In this new model the structure of the agents states is readily apparant in the type system.

In [17]:
tedges = filter((p) -> p[2][:label]=="\"transition\"", g.eprops)
tv = src.(keys(tedges))  dst.(keys(tedges))
DFA = g[tv]
draw(DFA, "type_DFA.dot")
G 1 (:StateModel, :Int64, :Recovered) 4 Susceptible 1->4 transition 5 Recovered 1->5 transition 2 (:StateModel, :Int64, :Infected) 2->5 transition 6 Infected 2->6 transition 3 (:StateModel, :Int64, :Susceptible) 3->4 transition 3->6 transition 4->3 π3 5->1 π3 6->2 π3

By contracting the edges labeled $\pi_3$ you identify a minor of the typegraph isomorphic to the discrete finite automata or finite state machine representation of the agents in our agent based simulation.

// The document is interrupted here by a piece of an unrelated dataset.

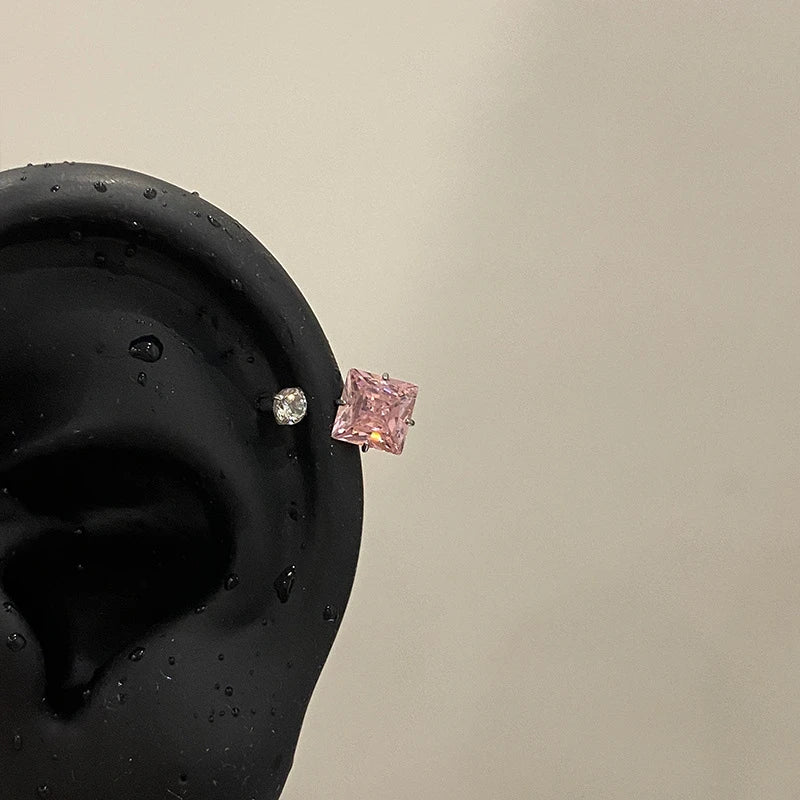 Heart Stud Earrings with Clear Zircon, Stainless Steel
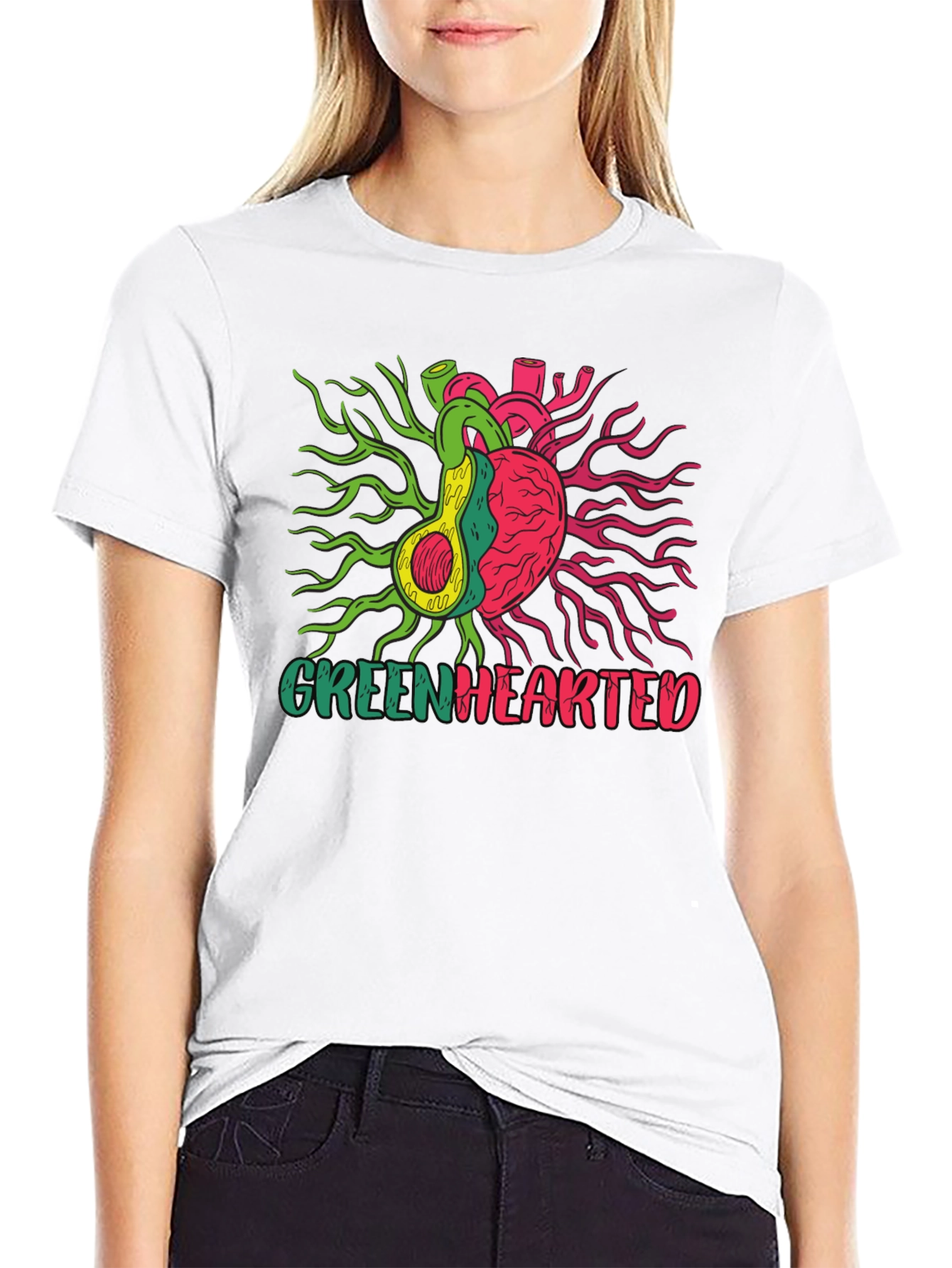 Greenhearted Graphic Tee - Unique Avocado Heart Design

Since the typegraph contains this information, we can say that the julia compiler "understands" a semantic feature of the model. We can introduce compile time logic based on these properties of the model. ANy changes to the underlying code that changed the state space of the agents, or the possible transitions they undergo would affect the type graph of the model.

For the model version that used :Symbols, or categorical states, the julia type system is blissfully ignorant of the relationships between the states. However once we introduce types to the model, the compiler is able to represent the structure of the model. Any changes to the model will either preserve or disrupt this type graph and we will be able to identify and quantify that change to the structure of the model.

This example is an instance of a large phenomenon that we hope to advance in modeling. Programs that implement models can get more out of the compiler if they add more information. In this case we declared the states of our agents as types and the compiler was able to infer the state transition graph from the our code.

Conclusions

We can see from the examples presented here that similar models produce similar type graphs. In this case we have two programs that impement the same model and have homomorphic type graphs. This homomorphism is natural in the sense that every vertex that appears in both graphs satisfies $\phi(v) = v$. Adding information to the type system in the julia program allows the type graph of the model to understand more of the program semantics. This powerful insight can teach the machines to reason about the behaviour of computational models.